# waltham model 1908 grade 635



## cogtocog (Nov 6, 2010)

Hi all...!!....my brother has this movement with no case.........our goal is to find an appropriate case to re home it in.......does any one have any tips or pointers as regards to the external and internall sizes of the case and any other info on what the case would have looked like..??...any info is greatly appreciated...


----------



## Melville (Jun 17, 2013)

What's the serial number on the movement?


----------



## cogtocog (Nov 6, 2010)

Hi...!!........22104310.......which as i recall equates to approx 1918.....also if it helps it has a thomas russell and son dial...so english cased originaly.....????


----------



## Melville (Jun 17, 2013)

Yes, it dates to circa 1918. It's from a run of 100 movements from 22104301 to 22104400 that were a mixture of lever set and pendant set, open face, 16 size movements.

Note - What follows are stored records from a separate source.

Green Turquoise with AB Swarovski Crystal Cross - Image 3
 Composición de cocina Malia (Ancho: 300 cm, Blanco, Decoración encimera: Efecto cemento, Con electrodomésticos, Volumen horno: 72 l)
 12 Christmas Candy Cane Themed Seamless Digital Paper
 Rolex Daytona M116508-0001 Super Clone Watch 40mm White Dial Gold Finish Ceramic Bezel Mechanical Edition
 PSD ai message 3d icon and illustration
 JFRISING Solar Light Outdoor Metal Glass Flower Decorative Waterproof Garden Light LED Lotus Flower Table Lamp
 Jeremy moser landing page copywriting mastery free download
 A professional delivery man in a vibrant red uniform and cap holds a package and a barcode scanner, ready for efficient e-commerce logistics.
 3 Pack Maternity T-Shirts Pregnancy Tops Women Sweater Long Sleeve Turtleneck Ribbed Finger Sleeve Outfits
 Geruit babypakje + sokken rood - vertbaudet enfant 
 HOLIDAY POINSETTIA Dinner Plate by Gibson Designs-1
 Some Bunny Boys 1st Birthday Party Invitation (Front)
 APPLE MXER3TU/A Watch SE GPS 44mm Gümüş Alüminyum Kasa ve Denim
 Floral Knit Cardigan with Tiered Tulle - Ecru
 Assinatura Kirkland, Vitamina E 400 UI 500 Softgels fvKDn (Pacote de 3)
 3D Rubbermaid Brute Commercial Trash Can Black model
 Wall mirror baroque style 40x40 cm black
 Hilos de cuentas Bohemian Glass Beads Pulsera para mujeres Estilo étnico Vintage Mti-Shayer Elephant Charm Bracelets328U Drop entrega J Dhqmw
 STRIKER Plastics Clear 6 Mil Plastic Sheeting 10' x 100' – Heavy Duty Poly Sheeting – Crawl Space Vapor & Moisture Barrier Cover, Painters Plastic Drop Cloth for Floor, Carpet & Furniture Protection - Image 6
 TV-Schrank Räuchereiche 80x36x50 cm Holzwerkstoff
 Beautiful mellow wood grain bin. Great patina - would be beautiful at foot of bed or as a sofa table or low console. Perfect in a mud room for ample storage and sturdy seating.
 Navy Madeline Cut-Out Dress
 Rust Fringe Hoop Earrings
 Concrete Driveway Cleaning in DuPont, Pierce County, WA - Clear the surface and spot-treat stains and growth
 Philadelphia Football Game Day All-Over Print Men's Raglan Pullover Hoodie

A great many Walthams were shipped to the UK as movements only and were cased by The Dennison Watch Case Co. of Birmingham. Your movement would fit into any American 16 size open face case, but ideally it should be in a Dennison case assuming that it is pendant set:-


----------



## cogtocog (Nov 6, 2010)

Thanks for the reply sir that is a great help..........at least i know know what to look for...!!!


----------